Kirsten A. Grønbjerg's work has formed the foundation of the new field of nonprofit organizations and management, where she has focused on government-nonprofit relations, nonprofit funding and the development of empirical information and data systems. Grønbjerg is a fellow of the National Academy of Public Administration.
Elisabeth A. Lloyd's path-breaking and seminal research illuminates how scientists go beyond the scientific method of hypothetico-deductive reasoning, which revolves around formulating hypotheses, making a prediction and then testing whether the prediction is upheld. Her work addresses fundamental philosophical questions about the nature of knowledge.
Kenneth P. Mackie is a leader in the cannabinoid field, and his research began at a time when the effect of cannabinoids was relatively unknown to neurobiologists. His work has opened the way for our current view of cannabinoids as modulators of electrical signaling and of the input-output relations in neurons.
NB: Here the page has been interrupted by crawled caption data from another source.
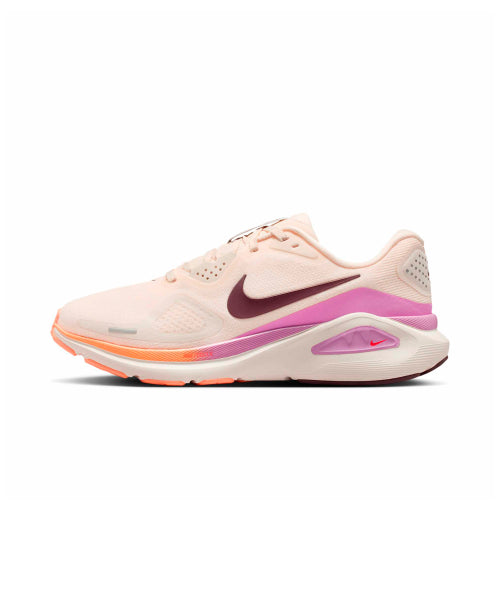 NIKE NIKE Structure 26 W Size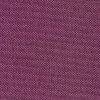 Textilní potah Bombay 79 - fialová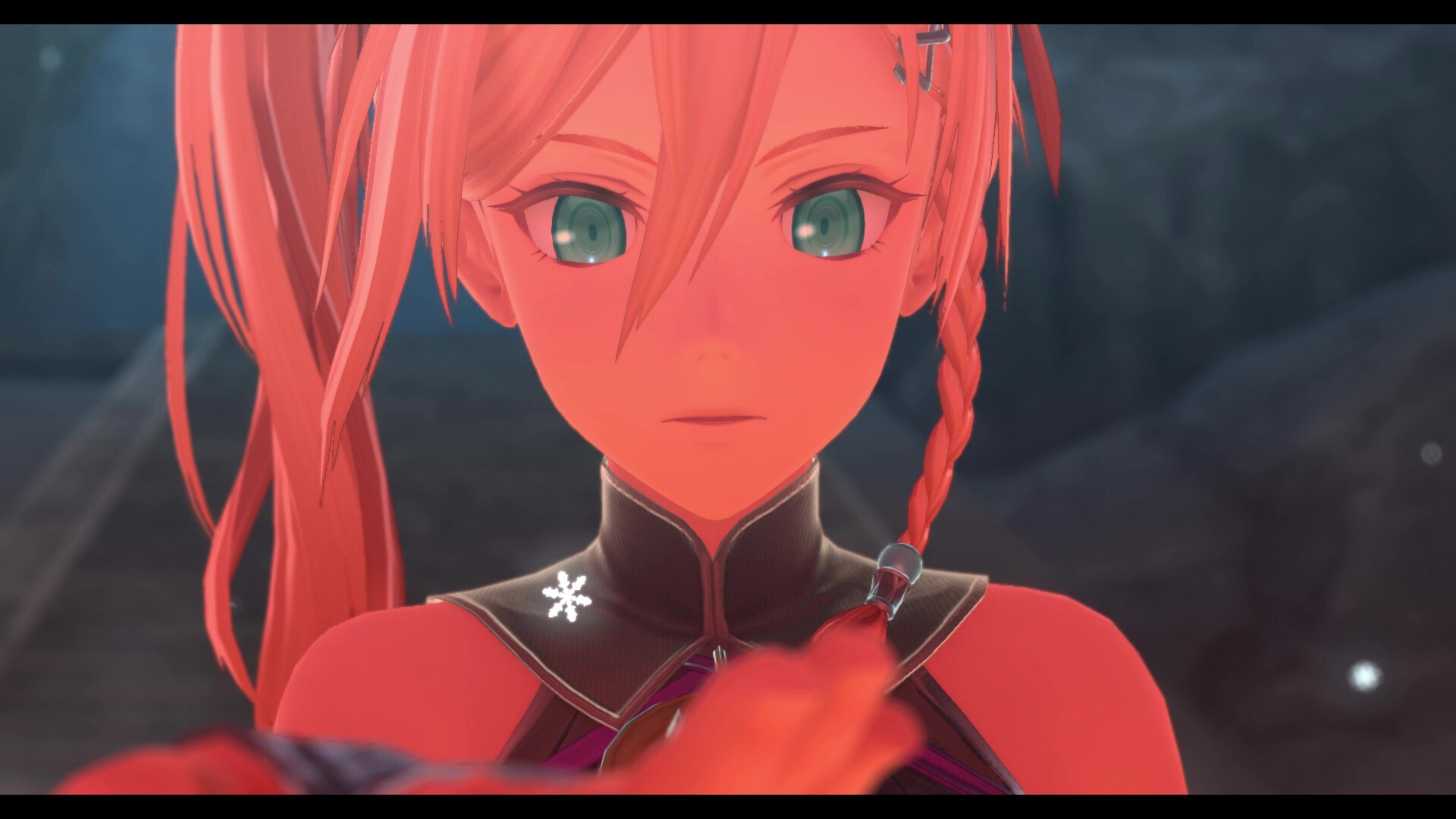 Ys X: Proud Nordics Preview 5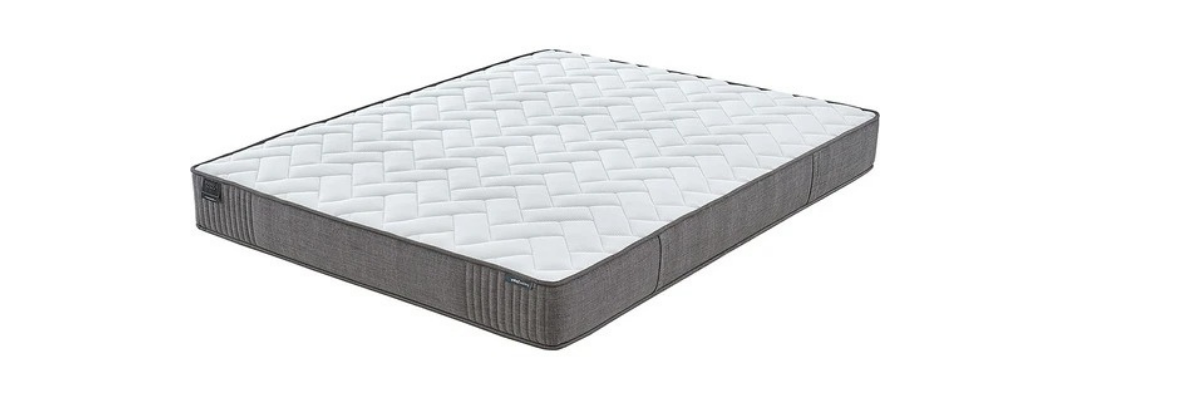 208/FOTORAFLAR/TEK KISILIK YATAKLAR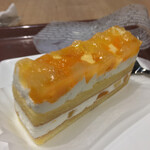 ケンタッキーフライドチキン - 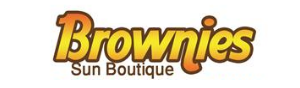 בראוניז- Brownies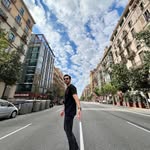 Hugo Barba - @hugobarba - Instagram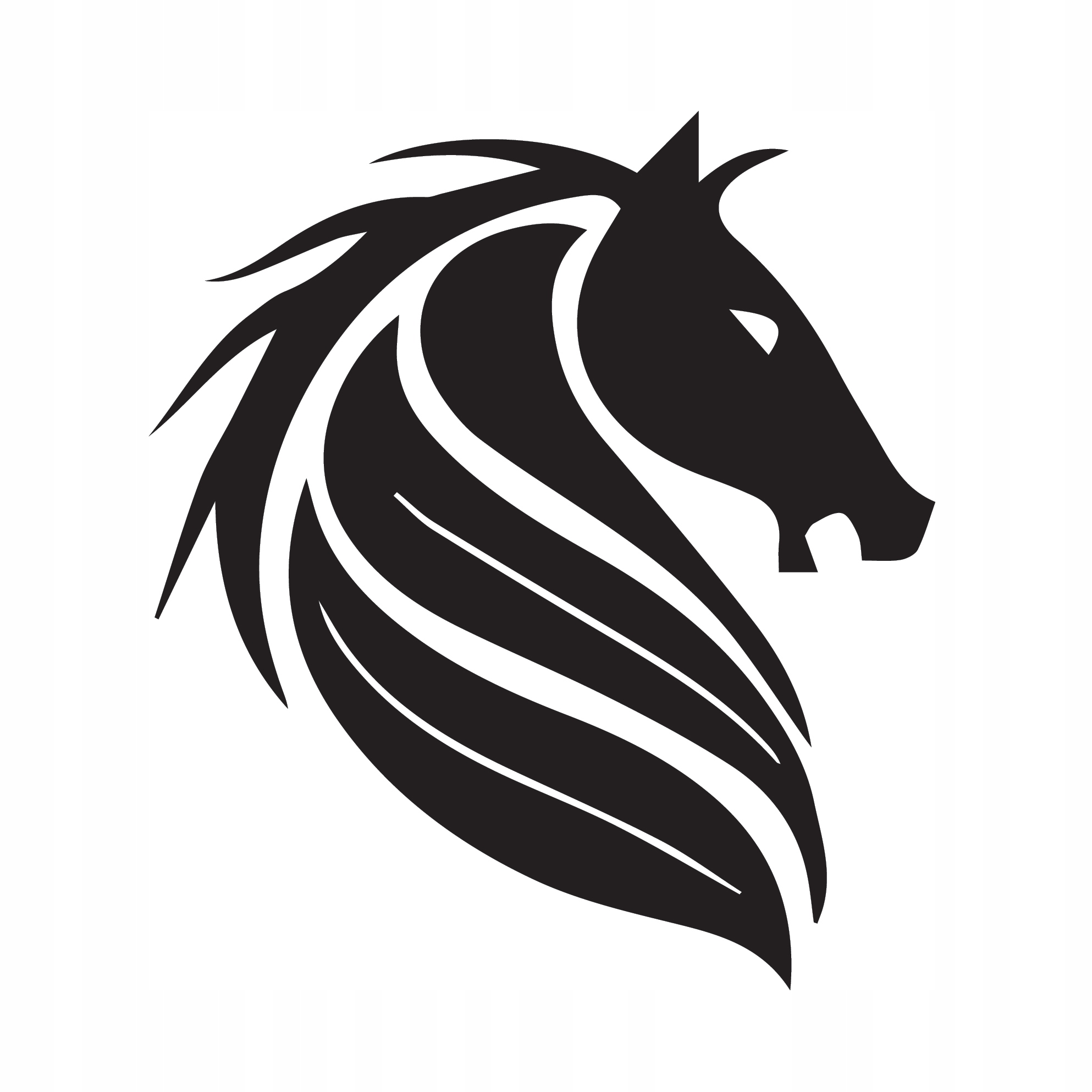 Лошадь символ. Конь логотип. Лошадь логотип вектор. Темная лошадка логотип. Геральдическая голова коня.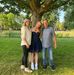 Dana Droschinski - Facebook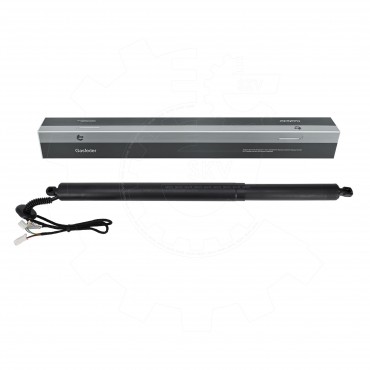 Vérin de Coffre Arrière Gauche Pour Mercedes-Benz Classe B A2478905500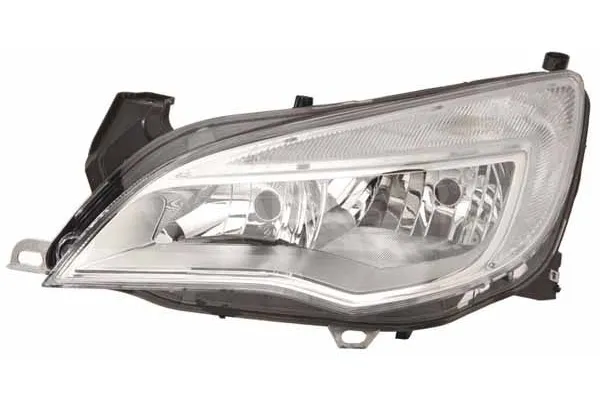 Far Sol WAGENBURG AST10-7002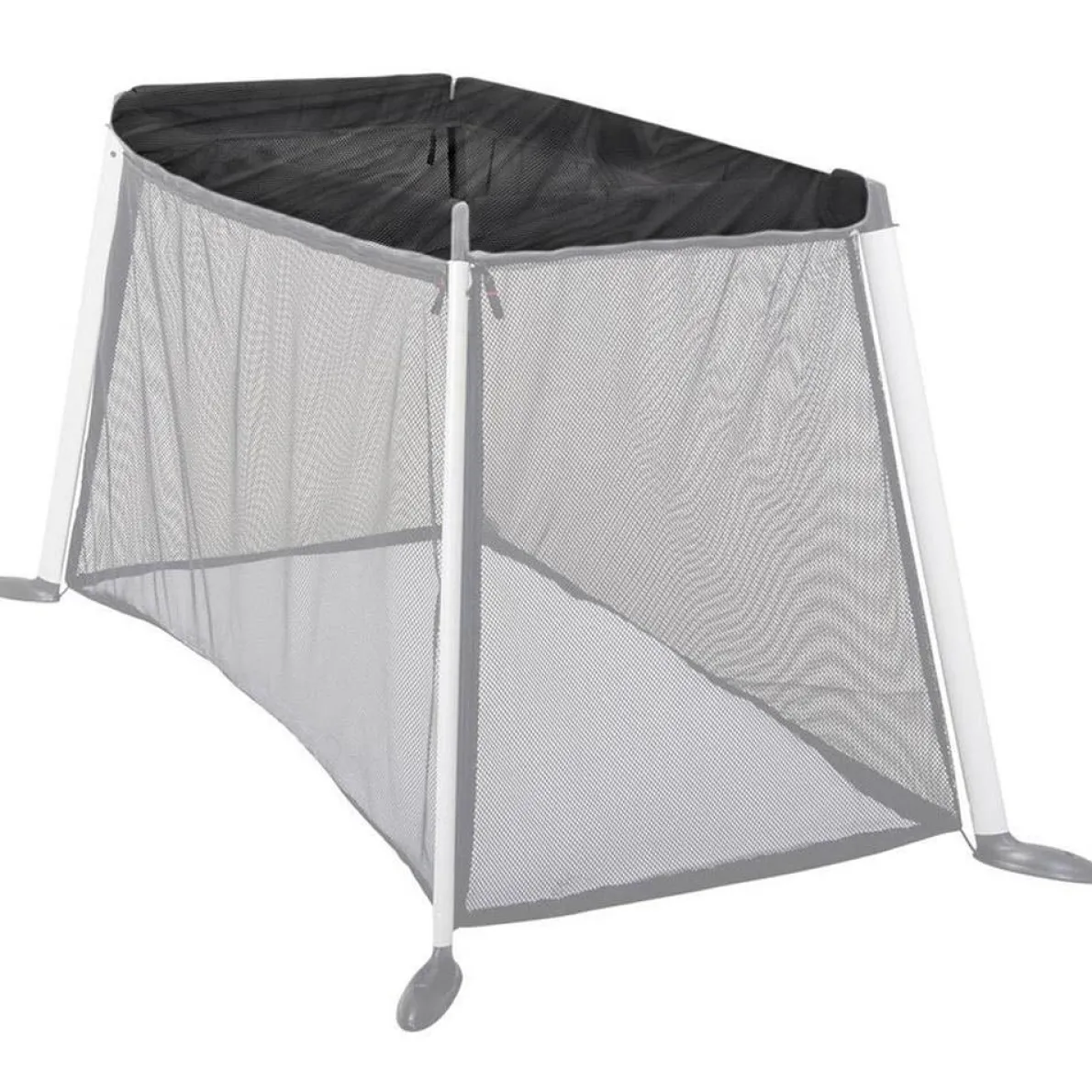 Traveller Shady UV Sun Mesh (V4)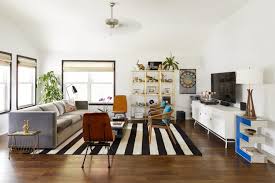 That's why we talked to interior designers nina etnier and kelly martin about. Danish Modern Style Sleek Organic And Timeless Home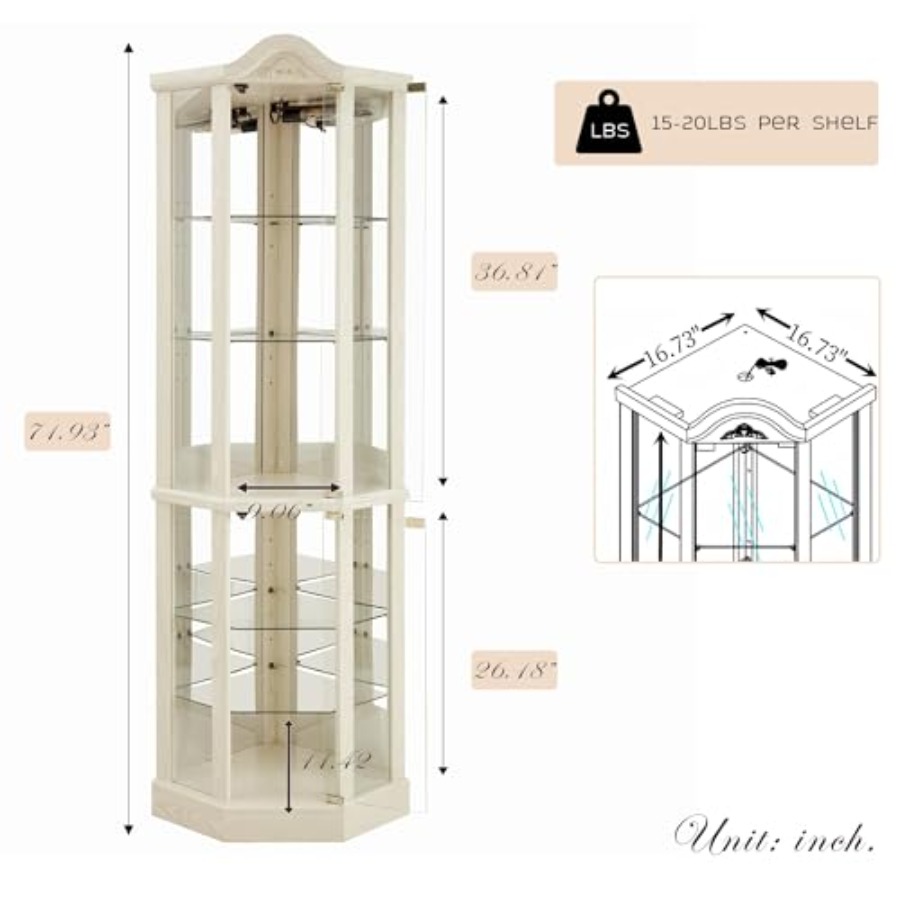 Meuble de rangement pour bar e - Wine & Beer Hydrometer avis et prix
Sharon M. Moe's translational research focuses on mineral metabolism and chronic kidney disease; she is considered one of the most influential scientists in her field. She has served on the editorial board of six journals in nephrology or kidney diseases and on 24 National Institutes of Health study sections.
Catherine A. Pilachowski's contributions to stellar astrophysics and to the astronomical community regarding the detailed elemental abundances in stars have uncovered vital clues to understanding the evolution of the Milky Way Galaxy to its present state. Pilachowski played a key role in the design, construction and realization of the Wisconsin-Indiana-Yale-NOAO consortium and its 3.5-meter telescope on Kitt Peak, as well as the international 8-meter telescope Gemini Observatory project, where she served as deputy director of the U.S. Gemini program.
Samrat Upadhyay is a fiction author -- both novels and short stories -- whose work focuses on Nepali lives in times of political and social upheaval. He has published seven major works, including "Arresting God in Kathmandu," which received the Whiting Award; "The Royal Ghosts," which won the Asian American Literary Award and the Society of Midland Authors Award and was named Best of Fiction in 2006 by The Washington Post; and "The Guru of Love," which was on the Weltempfanger best list of African, Asian and Latin American fiction. He has also published more than 50 essays and short stories as well as five poems.
Michael A. Weiss' work in molecular biomedical research focuses on insulin signaling and its relation to diabetes mellitus and sex determination and its relation to genetic infertility syndromes. Research in his lab has led to understanding a newly recognized syndrome of diabetes and, in the area of sex determination, to the understanding of structure and dynamics of many critical proteins.